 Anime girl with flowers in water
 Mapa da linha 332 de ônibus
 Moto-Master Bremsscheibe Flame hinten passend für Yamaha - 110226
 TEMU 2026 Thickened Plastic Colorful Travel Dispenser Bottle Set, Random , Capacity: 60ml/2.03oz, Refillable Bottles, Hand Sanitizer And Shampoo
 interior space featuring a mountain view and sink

===

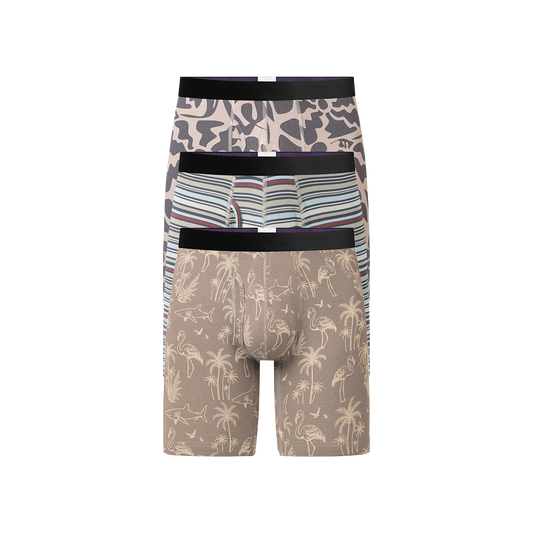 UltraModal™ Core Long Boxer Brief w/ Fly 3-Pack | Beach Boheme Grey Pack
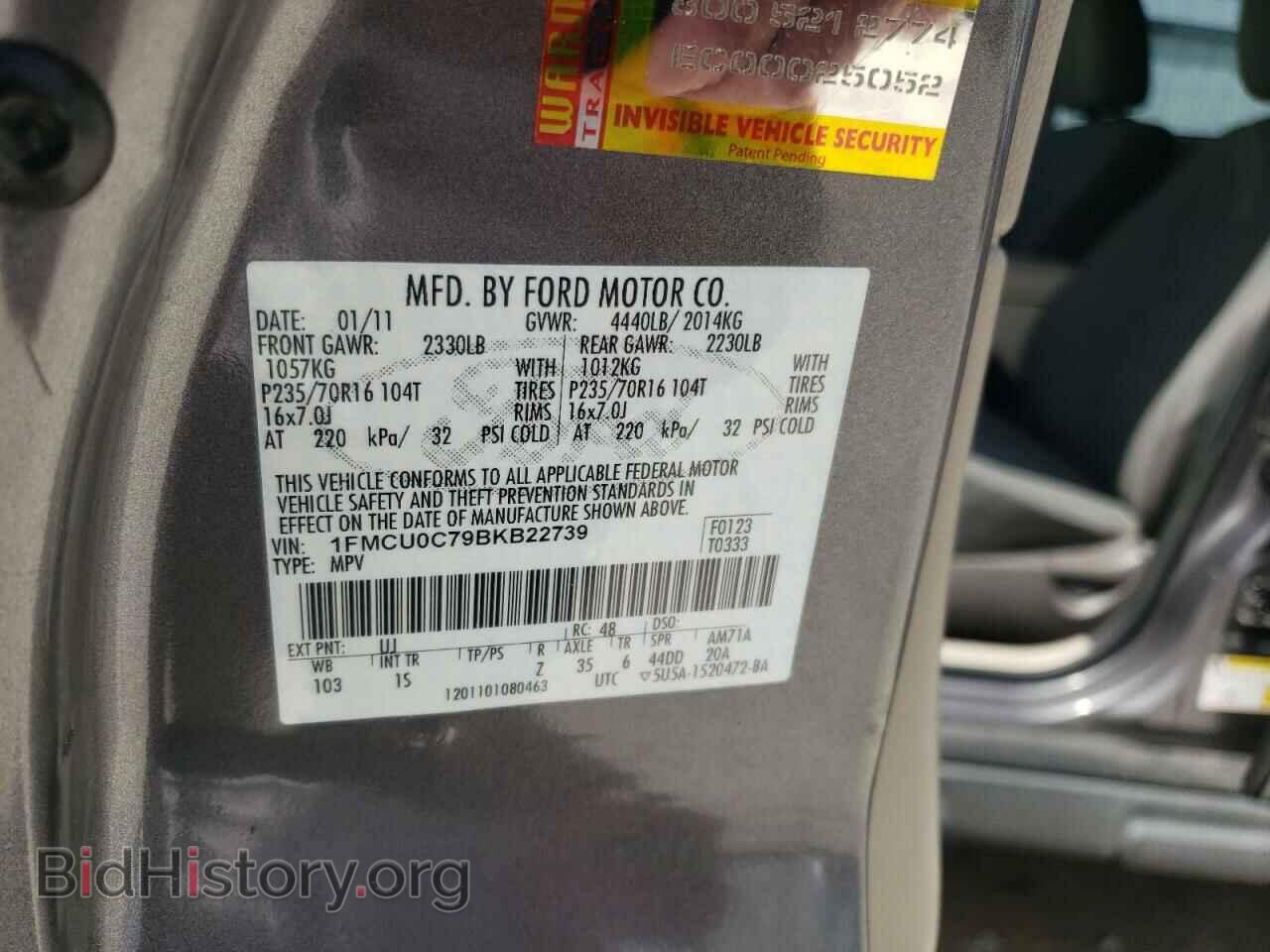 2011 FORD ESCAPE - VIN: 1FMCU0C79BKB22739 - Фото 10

===

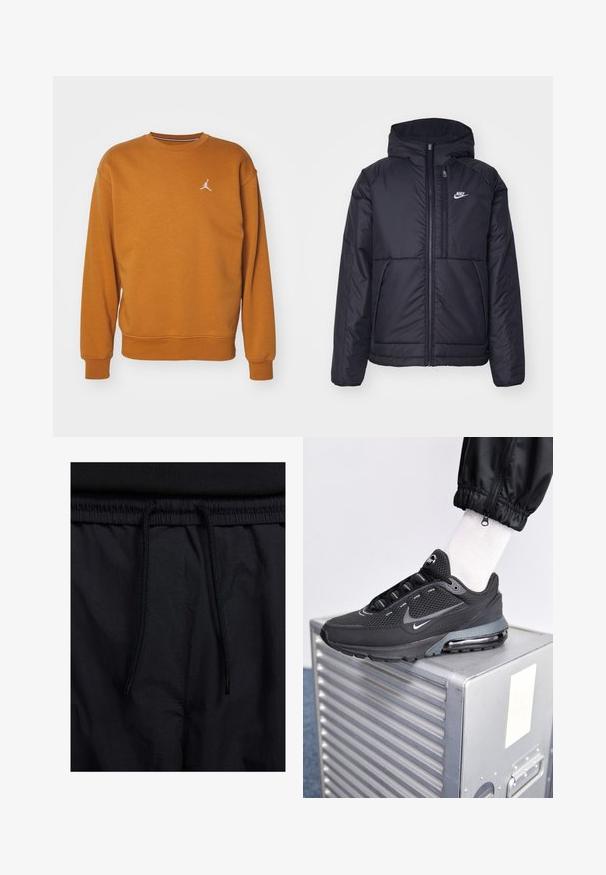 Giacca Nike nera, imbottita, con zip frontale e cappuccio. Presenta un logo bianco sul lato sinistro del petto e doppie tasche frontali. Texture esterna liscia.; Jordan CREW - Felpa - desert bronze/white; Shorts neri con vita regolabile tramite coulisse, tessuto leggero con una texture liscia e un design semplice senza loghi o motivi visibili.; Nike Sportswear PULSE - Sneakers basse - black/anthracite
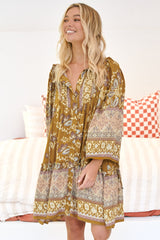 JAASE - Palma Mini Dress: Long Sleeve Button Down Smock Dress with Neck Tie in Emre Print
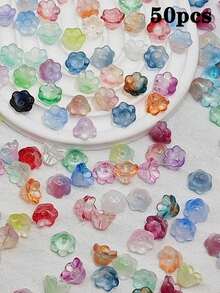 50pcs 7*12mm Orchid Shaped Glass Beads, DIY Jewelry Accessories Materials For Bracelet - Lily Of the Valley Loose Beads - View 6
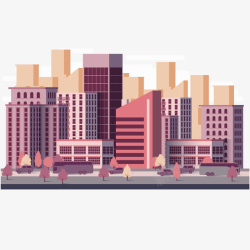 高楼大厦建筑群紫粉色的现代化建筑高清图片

===

• [WORK TASK]
There is a line with "Mapa da linha 332 de ônibus" and a line with "interior space featuring" above. Copy exactly those two lines and all lines between them, with nothing else.

• [TASK RESULT]
 Mapa da linha 332 de ônibus
 Moto-Master Bremsscheibe Flame hinten passend für Yamaha - 110226
 TEMU 2026 Thickened Plastic Colorful Travel Dispenser Bottle Set, Random , Capacity: 60ml/2.03oz, Refillable Bottles, Hand Sanitizer And Shampoo
 interior space featuring a mountain view and sink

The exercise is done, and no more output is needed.